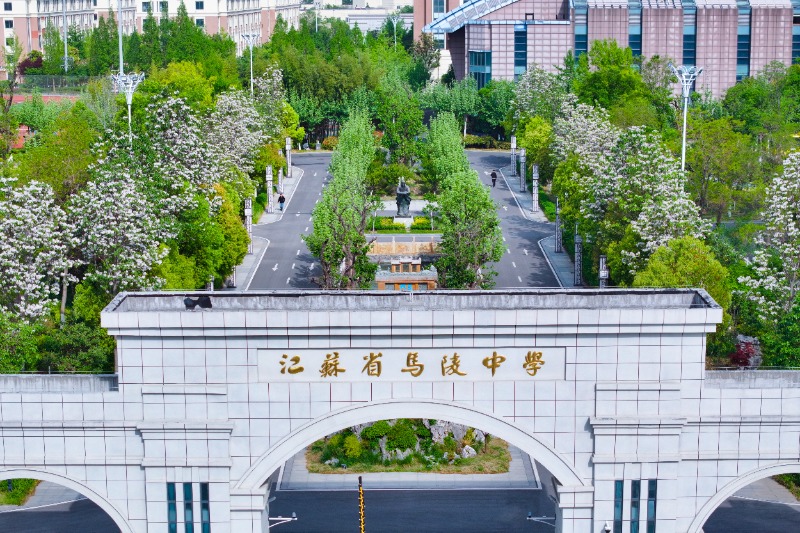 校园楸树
* * *
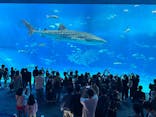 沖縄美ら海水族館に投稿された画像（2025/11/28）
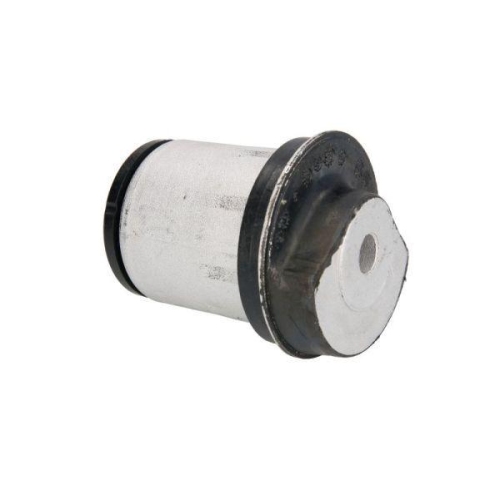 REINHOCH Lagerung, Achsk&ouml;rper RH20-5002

-- Required work --
Write out the lines above from the one with "沖縄美ら海水族館に投稿された画像（2025/11/28）" through the one with "REINHOCH Lagerung, Achsk&ouml;rper RH20-5002", ends included, exactly; no picture goes in.

-- Output --
 沖縄美ら海水族館に投稿された画像（2025/11/28）
 REINHOCH Lagerung, Achsk&ouml;rper RH20-5002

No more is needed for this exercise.